Single Standard vs. Multiple Standards (Or Checker vs. Shanker)

(guest post by Ze’ev Wurman & Bill Evers)

Some people who favor national standards have pointed to the variability among states as making comparisons difficult and have been quick to point to national standards and tests as a consistent, nationwide, uniform system to judge all schools in the same way.  No one has been more outspoken on those points than the Fordham Institute, whose 2007 The Proficiency Illusion report was touted far and wide. It was followed in 2009 by another Fordham report, The Accountability Illusion, that took states to task not only for having distinct definitions of proficiency, but also with fuzzing the issue even more by playing with other NCLB accountability rules. Checker Finn came out on its publication declaring:

“This report’s crucial finding is that – contrary to what the average American likely believes – there is no common, nationwide accountability system for measuring school performance under NCLB. The AYP system is idiosyncratic, even random and opaque. Without a common standard to help determine whether a given school is successful or not, its fate under NCLB is determined by a set of arcane rules created by each state…”

 And:

“It looks like a school’s ability to clear the NCLB bar depends as much on the state in which it’s located as on how its students perform. No Child Left Behind’s image suggests that schools across America are being judged in a consistent, fair and transparent way—but that turns out to be an illusion.”

Hence it is a small wonder that Fordham has been on the forefront of the push in recent years for uniform national standards, and the recent alliance between it and the Gates Foundation and AFT, with the support of another dozens of “independent” organizations paid for by Gates, pitched for a national curriculum built on top of the federally pushed “voluntary” Common Core standards. From its reports, it is clear that Fordham believes in a single set of content standards with a single set of performance standards (cut-scores) as pitched in its Proficiency Illusion.

Yet, interestingly enough, in 1995 Albert Shanker came out against a single set of cuts scores across the nation. As he wrote (p. 79):

A recent and popular slogan in American education is that all children can learn to the same high levels. This is news to parents, teachers, and the public; it defies everything we know and appreciate about human differences. But reformers are nonetheless insisting that we establish a single set of “world-class”  performance standards and that schools be held accountable for getting all their students to achieve at that level.…

If we set a single standard, we essentially have two choices. One is to set the standard high. That is desirable, especially since we are talking about “world-class.” Unfortunately, most of our students would not reach it. … [It] would produce intense pressure to lower the standard, and we would effectively be back where we started.

The other choice is to set the standard low, perhaps slightly higher than the minimum competency standard we now have but at a level that would be attainable by virtually all of our students. We could then congratulate ourselves for raising the floor of achievement, but we will have missed an opportunity to raise the ceiling and to move up the middle as well.
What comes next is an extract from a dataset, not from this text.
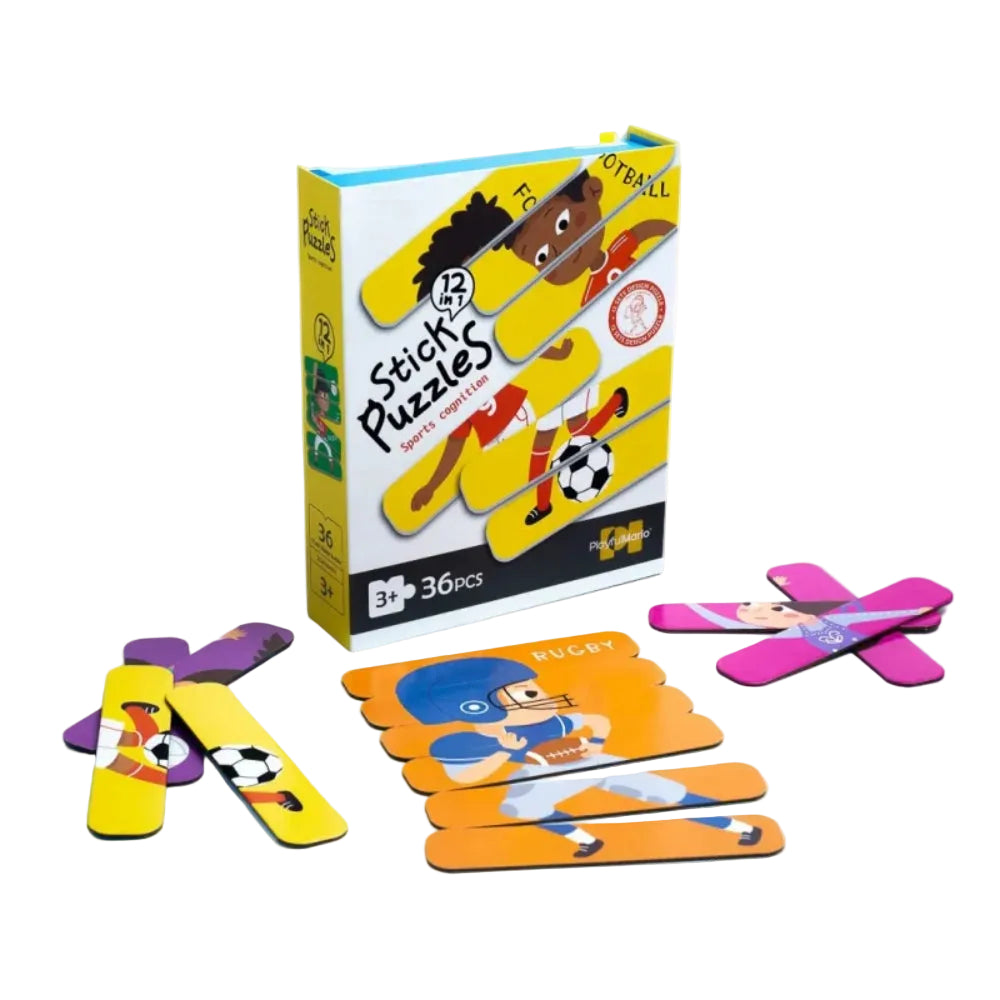 PlayfulMario Sports Stick Puzzle Set – 36 Pcs - Toys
If we can do better by all students by acknowledging that they, like all human beings, differ in their capacities, motivations, and interests, then why settle for a new minimum competency standard disguised in “world-class” rhetoric?

This issue is not solved by just having a single set of standards, or by a single test. To have the same meaning for “proficiency,” the test must also have a uniform definition of cut scores for all states that define the various achievement levels. Yet the national assessment consortia have been notably mealy mouthed on this issue — in their presentations to the California State Board of Education this March, both consortia indicated a flexibility to allow each state to set its own cut scores.

Makes one wonder how the new ideological partners, Fordham and AFT, will resolve this underlying tension between them.

[Ze’ev Wurman is an executive at a Silicon Valley start-up and was a senior policy adviser in the U.S. Department of Education.  Bill Evers is a research fellow at Stanford University’s Hoover Institution and a member of the institution’s Koret Task Force on K-12 Education.]

3 Responses to Single Standard vs. Multiple Standards (Or Checker vs. Shanker)

  1. GGW says:

    Let’s assume each state sets their own cut score exactly where they do now, in terms of reverse-engineering so large numbers of kids pass.

    So Massachusetts calls proficiency “X.” Alabama calls it “X – some large number.” Makes things more transparent, right?

    It’s really Alabama et al that — appropriately and probably helpfully — ends up with the unpleasant decision you describe. If they continue to name proficiency as “X – some large number” and some of their voters would be upset.

    At some point they may even, you know, require Direct Instruction in their elementary schools, so kids actually become better readers.